Abstract

The pronouncement of the refusal to even recognize the existence of a medieval epic in Oc can be both historically dated (between 1865 and 1869) and ideologically defined (French nationalism) in terms of an on-going debate of the young Paul Meyer and Gaston Paris with the German school. This refusal continues to lock contemporary research into a logic of refusal to "go and see for oneself." A reexamination of this "exclusion" involves replacing over-encompassing theories on the origin of the epic by a narrowing of the perspective, focussing on the places and conditions of its appearance. Thus, through the relation Sainte Foi - Roland occitan, the famous "gap" in the origins of the genre is closed, and the reality of the "art of Aquitaine" or "of Tudèle" — which lies at the heart of its first flourishing — appears in an Occitan-Normand dialogue. This same line of inquiry reveals the importance of the change that took place in the middle of the 11th century, where the two winners, both in European and in Church affairs — the Capetian and the Cisterician causes — had initially at their disposal only this "métier" to express themselves.

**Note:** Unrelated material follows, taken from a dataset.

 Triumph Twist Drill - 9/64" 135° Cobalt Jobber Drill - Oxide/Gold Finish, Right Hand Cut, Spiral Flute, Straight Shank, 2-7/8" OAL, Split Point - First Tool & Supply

It is only towards the end of the 12th and 13th centuries that a recomposition of existing works and a prolific burst of creativity, in différent regions of oïl — with writing that would lay the fundations for the major manuscripts of the later period — construct what has corne to be called the "French epic" and obscure, to the point of excluding it entirely from our field of vision, the Occitan origins of the chanson de geste, an origin moreover which can be verified by the analysis of the surviving texts.